Pour les deux derniers trimestres de 2008, l’INSEE prévoit même une croissance négative. J’ai beau ne pas être économiste, je sais que deux trimestres d’affilée avec une croissance négative, c’est-à-dire deux trimestres où nous ne produisons pas de richesses mais où nous en perdons, cela s’appelle une récession.
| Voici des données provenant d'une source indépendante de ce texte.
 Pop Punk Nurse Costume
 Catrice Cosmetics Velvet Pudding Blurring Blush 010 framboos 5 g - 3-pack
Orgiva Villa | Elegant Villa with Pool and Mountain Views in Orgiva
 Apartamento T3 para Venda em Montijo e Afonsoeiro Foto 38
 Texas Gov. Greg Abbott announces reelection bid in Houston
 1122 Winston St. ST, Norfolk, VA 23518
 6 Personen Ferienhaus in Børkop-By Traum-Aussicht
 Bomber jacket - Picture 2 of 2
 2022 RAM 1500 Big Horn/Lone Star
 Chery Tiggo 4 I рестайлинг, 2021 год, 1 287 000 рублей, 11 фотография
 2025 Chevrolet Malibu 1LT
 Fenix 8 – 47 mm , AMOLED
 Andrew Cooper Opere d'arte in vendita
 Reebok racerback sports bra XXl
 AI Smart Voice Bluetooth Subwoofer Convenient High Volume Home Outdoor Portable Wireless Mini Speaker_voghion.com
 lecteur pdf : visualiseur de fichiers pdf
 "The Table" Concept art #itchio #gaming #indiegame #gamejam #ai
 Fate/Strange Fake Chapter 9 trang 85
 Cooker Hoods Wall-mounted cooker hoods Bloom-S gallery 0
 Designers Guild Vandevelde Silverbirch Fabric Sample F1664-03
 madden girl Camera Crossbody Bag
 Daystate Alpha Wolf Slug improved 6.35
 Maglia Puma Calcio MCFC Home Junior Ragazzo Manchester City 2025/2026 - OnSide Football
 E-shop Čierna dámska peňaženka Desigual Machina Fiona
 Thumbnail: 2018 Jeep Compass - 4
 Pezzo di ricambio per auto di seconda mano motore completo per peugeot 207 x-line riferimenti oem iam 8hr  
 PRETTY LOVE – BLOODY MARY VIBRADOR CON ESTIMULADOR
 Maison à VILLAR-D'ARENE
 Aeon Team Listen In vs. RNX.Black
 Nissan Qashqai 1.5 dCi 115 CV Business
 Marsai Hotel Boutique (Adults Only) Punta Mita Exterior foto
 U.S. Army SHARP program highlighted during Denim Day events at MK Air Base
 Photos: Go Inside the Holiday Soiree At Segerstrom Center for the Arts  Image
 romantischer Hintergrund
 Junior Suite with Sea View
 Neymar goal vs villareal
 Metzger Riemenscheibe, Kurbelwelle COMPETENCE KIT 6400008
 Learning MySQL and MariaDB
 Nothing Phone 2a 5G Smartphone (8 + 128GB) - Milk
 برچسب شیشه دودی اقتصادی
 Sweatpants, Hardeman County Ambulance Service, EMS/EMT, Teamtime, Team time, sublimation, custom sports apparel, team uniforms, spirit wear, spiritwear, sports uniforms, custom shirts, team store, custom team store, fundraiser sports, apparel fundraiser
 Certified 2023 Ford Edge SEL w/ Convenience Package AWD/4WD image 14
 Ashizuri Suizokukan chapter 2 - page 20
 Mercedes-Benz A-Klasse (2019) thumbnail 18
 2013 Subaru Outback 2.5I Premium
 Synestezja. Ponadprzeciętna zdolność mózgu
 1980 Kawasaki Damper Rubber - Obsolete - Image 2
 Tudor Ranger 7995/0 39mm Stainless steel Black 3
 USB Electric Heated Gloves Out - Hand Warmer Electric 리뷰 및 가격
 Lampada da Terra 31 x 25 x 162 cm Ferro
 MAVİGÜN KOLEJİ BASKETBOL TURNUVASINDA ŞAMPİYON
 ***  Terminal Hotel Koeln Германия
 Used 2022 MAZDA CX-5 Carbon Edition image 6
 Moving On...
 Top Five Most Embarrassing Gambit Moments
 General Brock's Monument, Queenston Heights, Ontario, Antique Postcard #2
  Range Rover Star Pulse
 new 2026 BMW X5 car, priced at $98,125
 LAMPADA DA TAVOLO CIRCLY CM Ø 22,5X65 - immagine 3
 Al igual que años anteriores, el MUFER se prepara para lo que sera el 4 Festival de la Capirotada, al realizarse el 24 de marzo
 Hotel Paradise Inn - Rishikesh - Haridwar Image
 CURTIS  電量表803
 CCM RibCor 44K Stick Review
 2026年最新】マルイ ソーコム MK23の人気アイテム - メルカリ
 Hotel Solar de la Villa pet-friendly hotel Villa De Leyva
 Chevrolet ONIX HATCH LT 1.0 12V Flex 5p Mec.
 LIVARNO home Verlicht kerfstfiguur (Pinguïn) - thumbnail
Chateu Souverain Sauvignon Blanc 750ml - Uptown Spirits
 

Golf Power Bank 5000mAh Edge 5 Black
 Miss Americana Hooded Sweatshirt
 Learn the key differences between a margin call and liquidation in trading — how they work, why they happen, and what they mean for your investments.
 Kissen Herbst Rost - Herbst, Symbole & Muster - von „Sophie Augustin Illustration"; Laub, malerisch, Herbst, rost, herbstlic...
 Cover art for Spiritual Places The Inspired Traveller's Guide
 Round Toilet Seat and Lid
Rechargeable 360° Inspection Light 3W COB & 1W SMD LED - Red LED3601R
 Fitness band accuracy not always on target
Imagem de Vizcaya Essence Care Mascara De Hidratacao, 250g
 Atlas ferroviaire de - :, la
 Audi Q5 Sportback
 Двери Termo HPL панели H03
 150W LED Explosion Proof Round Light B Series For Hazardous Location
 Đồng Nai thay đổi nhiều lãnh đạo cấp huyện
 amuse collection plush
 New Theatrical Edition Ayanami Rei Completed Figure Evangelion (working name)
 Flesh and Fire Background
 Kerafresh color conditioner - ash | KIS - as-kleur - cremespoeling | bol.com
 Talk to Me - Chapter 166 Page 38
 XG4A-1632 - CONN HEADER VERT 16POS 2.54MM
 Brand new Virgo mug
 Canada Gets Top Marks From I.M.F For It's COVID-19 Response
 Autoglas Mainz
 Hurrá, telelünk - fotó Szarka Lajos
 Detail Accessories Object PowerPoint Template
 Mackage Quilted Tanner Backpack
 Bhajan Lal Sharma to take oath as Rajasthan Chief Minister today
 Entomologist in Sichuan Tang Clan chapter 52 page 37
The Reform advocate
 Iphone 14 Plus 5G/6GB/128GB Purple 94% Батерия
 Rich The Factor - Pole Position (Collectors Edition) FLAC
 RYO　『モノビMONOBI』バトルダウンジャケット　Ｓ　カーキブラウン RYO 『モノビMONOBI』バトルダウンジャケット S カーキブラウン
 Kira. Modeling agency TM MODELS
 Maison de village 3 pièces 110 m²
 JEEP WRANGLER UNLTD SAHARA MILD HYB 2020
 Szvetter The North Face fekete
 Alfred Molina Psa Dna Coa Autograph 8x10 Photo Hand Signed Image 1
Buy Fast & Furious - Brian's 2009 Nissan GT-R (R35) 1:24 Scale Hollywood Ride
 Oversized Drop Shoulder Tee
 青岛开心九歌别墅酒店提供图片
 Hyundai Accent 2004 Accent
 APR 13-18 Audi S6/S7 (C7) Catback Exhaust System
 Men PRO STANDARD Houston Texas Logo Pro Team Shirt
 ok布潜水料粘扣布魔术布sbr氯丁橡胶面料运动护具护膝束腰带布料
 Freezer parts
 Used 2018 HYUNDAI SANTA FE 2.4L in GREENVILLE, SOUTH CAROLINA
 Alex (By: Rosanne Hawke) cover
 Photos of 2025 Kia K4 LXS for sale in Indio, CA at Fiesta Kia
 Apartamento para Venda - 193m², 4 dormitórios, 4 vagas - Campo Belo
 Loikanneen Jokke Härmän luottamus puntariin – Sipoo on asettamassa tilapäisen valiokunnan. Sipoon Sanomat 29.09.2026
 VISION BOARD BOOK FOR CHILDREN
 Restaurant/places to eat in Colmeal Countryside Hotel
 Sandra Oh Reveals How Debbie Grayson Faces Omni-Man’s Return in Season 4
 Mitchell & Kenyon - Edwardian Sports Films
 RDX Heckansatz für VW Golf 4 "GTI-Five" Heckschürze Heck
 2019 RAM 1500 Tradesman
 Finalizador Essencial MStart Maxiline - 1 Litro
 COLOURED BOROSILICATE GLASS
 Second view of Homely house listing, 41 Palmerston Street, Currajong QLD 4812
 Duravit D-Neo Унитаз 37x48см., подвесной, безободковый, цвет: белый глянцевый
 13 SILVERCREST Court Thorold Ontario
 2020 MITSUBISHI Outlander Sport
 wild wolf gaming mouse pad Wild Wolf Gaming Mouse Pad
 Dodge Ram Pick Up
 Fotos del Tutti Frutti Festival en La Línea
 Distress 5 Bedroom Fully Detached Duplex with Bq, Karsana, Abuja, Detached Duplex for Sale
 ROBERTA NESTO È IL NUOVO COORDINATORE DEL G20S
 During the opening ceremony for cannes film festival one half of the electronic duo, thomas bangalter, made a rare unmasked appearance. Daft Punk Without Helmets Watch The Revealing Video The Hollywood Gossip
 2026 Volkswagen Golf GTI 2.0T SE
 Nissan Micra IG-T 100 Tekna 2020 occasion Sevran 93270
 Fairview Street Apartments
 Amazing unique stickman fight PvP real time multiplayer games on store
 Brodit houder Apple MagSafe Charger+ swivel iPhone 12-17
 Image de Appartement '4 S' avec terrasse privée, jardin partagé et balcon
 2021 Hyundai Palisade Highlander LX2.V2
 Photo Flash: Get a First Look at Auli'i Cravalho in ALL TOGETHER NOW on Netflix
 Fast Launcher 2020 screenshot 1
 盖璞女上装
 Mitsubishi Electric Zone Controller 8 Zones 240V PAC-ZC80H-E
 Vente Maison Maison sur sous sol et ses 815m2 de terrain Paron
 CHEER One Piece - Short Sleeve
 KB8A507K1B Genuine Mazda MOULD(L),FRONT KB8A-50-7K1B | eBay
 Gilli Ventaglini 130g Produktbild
Les ministres ont reçu la consigne de pas prononcer le mot, mais cela ne change rien, nous sommes bien en « récession », et vous préparez une politique reposant sur de la croissance !

Dans le même temps, une étude parue la semaine dernière nous apprend le profond malaise des industriels dont le moral est au plus bas depuis un long moment parce que, disent-ils, « les carnets de commandes sont anormalement vides ».

En résumé, pas d’argent public pour un plan de relance – à ne pas confondre avec un plan de renflouement des banques sans contrepartie –, pas de croissance mais la récession, pas de commandes dans les entreprises, donc pas de bénéfices en perspective.

Tous les éléments dont votre projet de loi a irrémédiablement besoin pour réussir un tant soit peu font défaut !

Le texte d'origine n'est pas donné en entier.